The real issue is what is an investor buying? I posted on this previously and nothing that has happened or will happen in the near future will change my mind. The only impact buyers of Rosneft shares (I can't bring myself to calling them investors) can have on Rosneft's management will be selling or lending the stock to be shorted. Which will coincide with a drop in the price of oil (and gas) and will not be immediately attributable to management. So buy if it makes financial sense - just have some shame when the beast turns round and bites you.
I think that this post from Seeking Alpha pretty much sums up how non-Russia related investors view Rosneft. They may be wrong but don't argue against flow of funds.
Russian Oil: Yukos and Rosneft (YUKOY):
Roger Nusbaum submits: In a big picture sense, oil from Russia is important because there is a lot of it in the ground and in the next few years it looks as though there will be more of that oil being processed and put onto the market for consumption.
That is the simple part. The rest is where it gets progressively more complicated.
Regardless of your opinion about the entire Yukos/Khodorkovsky affair, I have never heard any dispute that Khodorkovsky was told, as were all the oligarchs, to stay out of politics and he did not. I am in no way opining as to whether he should or should not have made comments or anything else and it is possible that what I say is not in dispute is in fact in dispute. I am just trying to relay the facts as I understand them, and I may have facts about Khodorkovsky incorrect but I have seen and read enough coverage that I think I this right.
The fallout of the Khodorkovsky affair was that Yukos was shut down and the assets were later put up for auction. Again, there was politics and controversy surrounding the manner in which this occurred and I don’t want to turn this post into a debate of the politics of it.
The emerging company from all of this with the old Yukos assets is Rosneft. Rosneft is going to have an IPO and July is a possible date for the listing, which is likely to be on the London Stock Exchange. I would like to learn more than what little I know now, but I am interested in the company.
Some of the numbers, if true, are compelling. Earnings in 2005 were $3.9 billion vs $0.8 billion 2004. Revenue was $23.9 billion vs $5.3 billion in 2004. In 2005 the company reduced its debt by $1.7 billion down to $10.9 billion.
I would not get too excited about the growth built into those numbers because the old Yukos’ operations were severely hampered in 2004 and so the company did not do a lot that year.

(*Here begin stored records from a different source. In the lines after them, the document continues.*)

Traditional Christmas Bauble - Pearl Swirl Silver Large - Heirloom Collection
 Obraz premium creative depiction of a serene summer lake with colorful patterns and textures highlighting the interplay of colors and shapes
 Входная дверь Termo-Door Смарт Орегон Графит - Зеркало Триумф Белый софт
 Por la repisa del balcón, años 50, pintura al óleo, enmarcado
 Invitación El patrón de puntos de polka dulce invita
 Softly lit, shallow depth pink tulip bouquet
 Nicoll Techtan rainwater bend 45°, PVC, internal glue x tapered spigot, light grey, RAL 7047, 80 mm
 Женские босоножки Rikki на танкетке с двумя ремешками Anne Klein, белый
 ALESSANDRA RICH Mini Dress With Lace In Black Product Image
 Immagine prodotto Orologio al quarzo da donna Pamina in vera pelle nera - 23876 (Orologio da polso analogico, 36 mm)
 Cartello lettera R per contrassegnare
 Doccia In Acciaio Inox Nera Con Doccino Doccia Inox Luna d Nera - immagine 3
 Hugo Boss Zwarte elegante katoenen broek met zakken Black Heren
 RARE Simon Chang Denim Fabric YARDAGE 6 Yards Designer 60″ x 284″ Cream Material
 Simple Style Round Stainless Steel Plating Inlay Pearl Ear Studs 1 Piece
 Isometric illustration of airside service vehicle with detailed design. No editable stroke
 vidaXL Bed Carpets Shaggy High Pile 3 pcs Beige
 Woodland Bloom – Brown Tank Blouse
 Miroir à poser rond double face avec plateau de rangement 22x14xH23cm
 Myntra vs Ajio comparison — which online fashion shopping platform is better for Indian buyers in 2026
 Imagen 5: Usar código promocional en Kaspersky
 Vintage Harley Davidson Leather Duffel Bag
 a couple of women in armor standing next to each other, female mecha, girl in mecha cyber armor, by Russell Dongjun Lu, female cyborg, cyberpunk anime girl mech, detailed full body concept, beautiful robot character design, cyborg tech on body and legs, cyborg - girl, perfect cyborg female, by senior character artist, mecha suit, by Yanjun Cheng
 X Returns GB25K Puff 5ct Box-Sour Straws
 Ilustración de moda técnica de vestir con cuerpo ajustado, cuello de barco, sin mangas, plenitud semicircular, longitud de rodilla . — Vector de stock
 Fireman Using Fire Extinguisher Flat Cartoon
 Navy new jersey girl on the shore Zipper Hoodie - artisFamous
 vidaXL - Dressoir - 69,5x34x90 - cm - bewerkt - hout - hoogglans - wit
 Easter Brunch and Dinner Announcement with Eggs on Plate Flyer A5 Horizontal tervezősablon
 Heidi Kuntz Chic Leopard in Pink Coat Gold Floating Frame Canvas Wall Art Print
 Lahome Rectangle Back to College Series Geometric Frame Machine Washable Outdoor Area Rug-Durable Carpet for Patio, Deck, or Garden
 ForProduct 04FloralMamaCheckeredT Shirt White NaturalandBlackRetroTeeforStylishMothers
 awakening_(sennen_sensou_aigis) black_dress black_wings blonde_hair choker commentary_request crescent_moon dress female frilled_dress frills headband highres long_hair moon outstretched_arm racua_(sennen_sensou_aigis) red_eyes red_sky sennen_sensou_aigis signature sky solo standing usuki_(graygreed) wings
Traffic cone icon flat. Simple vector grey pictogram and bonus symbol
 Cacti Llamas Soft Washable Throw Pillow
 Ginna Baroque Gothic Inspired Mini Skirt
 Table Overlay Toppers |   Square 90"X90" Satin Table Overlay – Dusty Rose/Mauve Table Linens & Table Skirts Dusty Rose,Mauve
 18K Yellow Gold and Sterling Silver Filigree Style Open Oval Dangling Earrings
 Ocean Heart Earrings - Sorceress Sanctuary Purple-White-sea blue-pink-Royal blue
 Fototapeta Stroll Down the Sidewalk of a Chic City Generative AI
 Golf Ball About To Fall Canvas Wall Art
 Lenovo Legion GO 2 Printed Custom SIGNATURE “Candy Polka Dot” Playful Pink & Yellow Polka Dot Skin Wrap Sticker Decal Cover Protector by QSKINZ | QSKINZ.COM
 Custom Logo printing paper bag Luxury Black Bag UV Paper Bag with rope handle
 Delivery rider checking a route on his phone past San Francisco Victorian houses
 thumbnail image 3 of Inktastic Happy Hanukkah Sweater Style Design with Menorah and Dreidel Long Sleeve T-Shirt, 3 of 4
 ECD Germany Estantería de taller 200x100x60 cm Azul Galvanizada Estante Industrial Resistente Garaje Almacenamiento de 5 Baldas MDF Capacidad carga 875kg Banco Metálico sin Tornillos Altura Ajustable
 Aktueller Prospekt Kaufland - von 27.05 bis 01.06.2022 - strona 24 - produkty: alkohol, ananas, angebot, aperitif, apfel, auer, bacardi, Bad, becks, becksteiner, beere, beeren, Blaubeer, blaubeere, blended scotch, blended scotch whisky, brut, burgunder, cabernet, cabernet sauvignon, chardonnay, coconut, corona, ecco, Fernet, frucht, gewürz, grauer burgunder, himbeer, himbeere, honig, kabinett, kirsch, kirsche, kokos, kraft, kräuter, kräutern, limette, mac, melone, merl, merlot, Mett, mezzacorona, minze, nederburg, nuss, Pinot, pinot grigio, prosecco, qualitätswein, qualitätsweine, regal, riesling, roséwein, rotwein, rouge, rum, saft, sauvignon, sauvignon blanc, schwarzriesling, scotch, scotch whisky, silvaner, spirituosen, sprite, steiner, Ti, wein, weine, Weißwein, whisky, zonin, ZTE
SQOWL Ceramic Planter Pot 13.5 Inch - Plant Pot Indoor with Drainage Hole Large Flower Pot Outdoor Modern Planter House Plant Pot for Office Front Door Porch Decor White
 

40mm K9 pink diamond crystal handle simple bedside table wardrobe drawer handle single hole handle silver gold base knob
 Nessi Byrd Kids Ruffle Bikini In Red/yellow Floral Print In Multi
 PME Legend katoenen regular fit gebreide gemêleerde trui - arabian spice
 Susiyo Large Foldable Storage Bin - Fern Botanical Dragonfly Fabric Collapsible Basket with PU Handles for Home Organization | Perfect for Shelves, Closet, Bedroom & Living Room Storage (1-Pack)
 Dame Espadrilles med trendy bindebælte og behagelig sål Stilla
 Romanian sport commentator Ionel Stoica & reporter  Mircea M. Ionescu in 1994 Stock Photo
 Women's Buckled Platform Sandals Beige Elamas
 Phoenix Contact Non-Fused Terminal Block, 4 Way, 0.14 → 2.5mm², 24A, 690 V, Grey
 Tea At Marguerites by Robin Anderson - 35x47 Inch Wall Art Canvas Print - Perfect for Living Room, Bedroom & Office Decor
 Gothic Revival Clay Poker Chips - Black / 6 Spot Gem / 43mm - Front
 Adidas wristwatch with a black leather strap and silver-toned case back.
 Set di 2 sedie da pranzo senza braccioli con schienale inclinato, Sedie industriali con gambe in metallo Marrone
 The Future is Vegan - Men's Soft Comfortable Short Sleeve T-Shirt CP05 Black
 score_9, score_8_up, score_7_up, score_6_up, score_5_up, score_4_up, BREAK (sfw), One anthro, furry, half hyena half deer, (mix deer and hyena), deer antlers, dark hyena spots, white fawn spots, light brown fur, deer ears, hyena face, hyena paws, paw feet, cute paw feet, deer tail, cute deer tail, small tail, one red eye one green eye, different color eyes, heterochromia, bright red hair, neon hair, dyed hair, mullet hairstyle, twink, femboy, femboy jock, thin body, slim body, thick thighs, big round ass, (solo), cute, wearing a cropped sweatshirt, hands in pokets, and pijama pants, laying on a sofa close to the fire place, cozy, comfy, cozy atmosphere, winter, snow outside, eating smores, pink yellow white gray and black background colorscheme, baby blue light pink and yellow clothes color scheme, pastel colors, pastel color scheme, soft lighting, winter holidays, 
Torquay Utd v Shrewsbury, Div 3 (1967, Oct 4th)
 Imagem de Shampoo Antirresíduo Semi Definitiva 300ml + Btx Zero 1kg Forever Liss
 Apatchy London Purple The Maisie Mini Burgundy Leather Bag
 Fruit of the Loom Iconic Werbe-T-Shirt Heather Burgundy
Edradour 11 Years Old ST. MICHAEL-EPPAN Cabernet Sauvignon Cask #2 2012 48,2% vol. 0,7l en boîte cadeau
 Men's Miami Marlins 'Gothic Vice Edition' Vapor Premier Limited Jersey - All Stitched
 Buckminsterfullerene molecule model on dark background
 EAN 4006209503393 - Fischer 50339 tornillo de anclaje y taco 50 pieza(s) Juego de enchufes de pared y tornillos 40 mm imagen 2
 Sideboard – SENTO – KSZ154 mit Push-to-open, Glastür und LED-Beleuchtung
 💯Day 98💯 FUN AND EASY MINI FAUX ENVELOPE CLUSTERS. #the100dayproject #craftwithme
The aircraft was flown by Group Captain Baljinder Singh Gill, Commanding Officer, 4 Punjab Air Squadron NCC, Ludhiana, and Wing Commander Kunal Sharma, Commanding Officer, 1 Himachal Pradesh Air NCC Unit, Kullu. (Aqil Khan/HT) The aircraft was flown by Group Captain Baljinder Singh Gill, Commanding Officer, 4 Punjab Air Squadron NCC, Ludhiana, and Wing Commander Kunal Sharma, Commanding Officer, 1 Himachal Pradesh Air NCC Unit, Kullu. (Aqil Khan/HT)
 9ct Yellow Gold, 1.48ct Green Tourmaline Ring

Some other fun facts about Rosneft include, among Russian companies, it is 2nd in gas production, 8th in oil production, 7th in reserves, and first for oil refining capacity. With the IPO, the company plans to sell 1/3 of the company for about $20 billion. As the company is now state owned, I presume the 2/3rds not sold will be held by the government and possibly sold later.
A lot of people assign a risk to Russian shares because of the Yukos affair. While I certainly cannot say it won’t happen again I think it makes sense to believe that the Russian government does not want it to happen again. A second company being dismantled would probably cause a huge flight of foreign capital, much worse than Yukos. The country, I believe, wants to be a capitalist country with foreign investment.
It’s fair to say they are still learning about capitalism, but anything they do that jeopardizes foreign investment into the country is counter to their own interests. And it is worth pointing out that there are plenty of Russian companies traded on foreign exchanges in the US and in Europe.
Russia wants to be more important in the world economy — not less. Between now and the listing date there will be a lot more to read about Rosneft before making any kind of decision.